What really matters is that you are living your life to its fullest potential. That you do not allow others to push, guilt or humiliate you into doing something that is wrong for you. That you do not buy into a set idea (who sets that anyway??) of success. That you do not continue on the same path if it is going to hurt you even more. In the end, at the end, you and only you can look back and hopefully say: what a ride.

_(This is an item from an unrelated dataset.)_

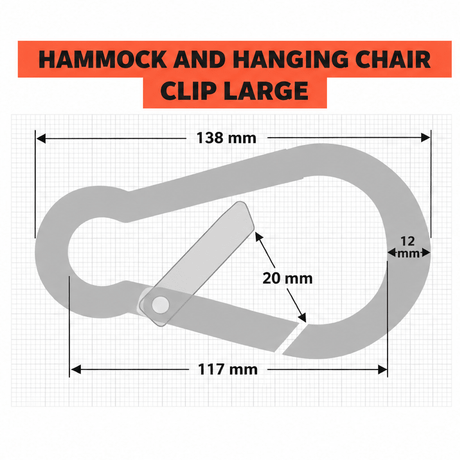 Hammock and Hanging Chair Clip Large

Maybe it’s the fact of being a child of holocaust survivors and refugees, but I do not take anything for granted: not my money, not my friendships and relationships, not my health. I have been so fortunate to this point, even when I have struggled, that I can only be grateful, thankful and even a teeny bit proud. I have been called callous, aloof, brave, strong, even recently, a rock star. I love that! It does not matter what others think of me, only what I think of myself (although the “rock star” comment may be an exception to that statement :)). I believe myself to be smart, kind, generous and thoughtful; and a bit of a cockeyed-optimist, to quote a song from the show South Pacific. Lots of choices over my life have taught me how to be this way. Adversity is the best teacher; failure comes in a close second. Attitudes that come from a deep place inside and say, “Well, that didn’t work. What am I going to do now?” save us and open up the new doors.
What you do with your life, as far as a career, is not all of who you are. I am a teacher- and I love it and do not see myself doing anything else for the next ten years. It’s a HUGE part of me. But, I am so much more. Of course, wife and mother and daughter and sister and auntie; but as far as what else I love to do: writing, photography, travel, cooking, technology…just a few of the other things that define me in big ways. My career pays the bills, there is no doubt about that. And I depend on it to do so. But my bills are of my own creation and I can change them at any time by changing what I do and how and where I do it. I’m fortunate in that my career path, with minor side trips of my own design, has been steady. Not all people are that lucky and some have to change gears even though they thought they were all set. Our current economy and policies have done a lot of damage to good people who are just trying to follow their dreams. And yet, to those people, I say again- do what you can to make things work or have a go at some new path. Not easy to do, and lots of raw emotions to deal with, but honestly what choice do they have? The serenity prayer reminds us to change what we can and accept what we can’t.
People choose the wrong partners, the wrong jobs, the wrong cars, the wrong homes, all the time. Only when the wrongness becomes obvious (and this can take years) does the person go: Oh, shit. Once that little ah-ha moment occurs, it’s up to each of us to figure out how to right ourselves. Sometimes, like a car trying to get up a snowy hill (ahem), we have to put ourselves in reverse, back up a bit, have a look around and go a different way. Sometimes we have to call for help (ahem, again), or wait a while or turn completely around and find a completely different route. I am still talking about life, but that analogy based on a recent occurrence in my own, seems pretty perfect.
When things look bad, remember Winston Churchill’s famous quote: “If you are going through hell, keep going.” He also said, “Success is the ability to go from one failure to another with no loss of enthusiasm.” Wise man!